*** Opening of Provided data ***

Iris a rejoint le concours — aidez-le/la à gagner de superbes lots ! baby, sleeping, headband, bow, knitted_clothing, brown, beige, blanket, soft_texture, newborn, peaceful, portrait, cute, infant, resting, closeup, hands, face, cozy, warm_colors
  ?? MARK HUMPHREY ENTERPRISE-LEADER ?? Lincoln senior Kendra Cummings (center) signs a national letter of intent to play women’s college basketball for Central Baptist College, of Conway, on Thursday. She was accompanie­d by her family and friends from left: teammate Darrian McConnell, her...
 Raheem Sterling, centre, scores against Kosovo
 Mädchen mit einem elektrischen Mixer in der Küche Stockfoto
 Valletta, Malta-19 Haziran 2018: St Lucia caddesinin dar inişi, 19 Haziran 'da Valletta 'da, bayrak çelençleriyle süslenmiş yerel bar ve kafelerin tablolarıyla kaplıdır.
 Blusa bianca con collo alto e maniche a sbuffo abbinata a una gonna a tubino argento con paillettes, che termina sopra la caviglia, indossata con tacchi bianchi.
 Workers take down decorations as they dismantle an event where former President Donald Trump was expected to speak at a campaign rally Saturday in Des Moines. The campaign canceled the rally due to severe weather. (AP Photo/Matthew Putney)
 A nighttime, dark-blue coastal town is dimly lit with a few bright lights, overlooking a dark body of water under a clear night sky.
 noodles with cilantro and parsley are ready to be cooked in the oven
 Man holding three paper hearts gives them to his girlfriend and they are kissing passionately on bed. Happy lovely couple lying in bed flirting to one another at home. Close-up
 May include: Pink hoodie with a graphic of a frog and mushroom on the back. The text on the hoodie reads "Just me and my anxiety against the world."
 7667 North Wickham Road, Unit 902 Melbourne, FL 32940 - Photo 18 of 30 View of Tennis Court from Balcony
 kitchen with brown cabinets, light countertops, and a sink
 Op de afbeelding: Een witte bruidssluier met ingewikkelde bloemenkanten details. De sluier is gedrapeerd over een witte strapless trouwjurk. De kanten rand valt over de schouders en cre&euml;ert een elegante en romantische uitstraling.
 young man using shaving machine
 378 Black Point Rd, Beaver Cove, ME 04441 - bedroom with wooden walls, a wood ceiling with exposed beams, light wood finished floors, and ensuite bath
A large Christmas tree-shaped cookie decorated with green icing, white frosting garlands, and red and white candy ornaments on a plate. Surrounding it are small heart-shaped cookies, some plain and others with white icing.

*** Close of Provided data ***

● **Problem statement**
Whatever lies between the line containing "Man holding three" and the final line above, both included, must be returned exactly.

● **Solution for this exercise**
 Man holding three paper hearts gives them to his girlfriend and they are kissing passionately on bed. Happy lovely couple lying in bed flirting to one another at home. Close-up
 May include: Pink hoodie with a graphic of a frog and mushroom on the back. The text on the hoodie reads "Just me and my anxiety against the world."
 7667 North Wickham Road, Unit 902 Melbourne, FL 32940 - Photo 18 of 30 View of Tennis Court from Balcony
 kitchen with brown cabinets, light countertops, and a sink
 Op de afbeelding: Een witte bruidssluier met ingewikkelde bloemenkanten details. De sluier is gedrapeerd over een witte strapless trouwjurk. De kanten rand valt over de schouders en cre&euml;ert een elegante en romantische uitstraling.
 young man using shaving machine
 378 Black Point Rd, Beaver Cove, ME 04441 - bedroom with wooden walls, a wood ceiling with exposed beams, light wood finished floors, and ensuite bath
A large Christmas tree-shaped cookie decorated with green icing, white frosting garlands, and red and white candy ornaments on a plate. Surrounding it are small heart-shaped cookies, some plain and others with white icing.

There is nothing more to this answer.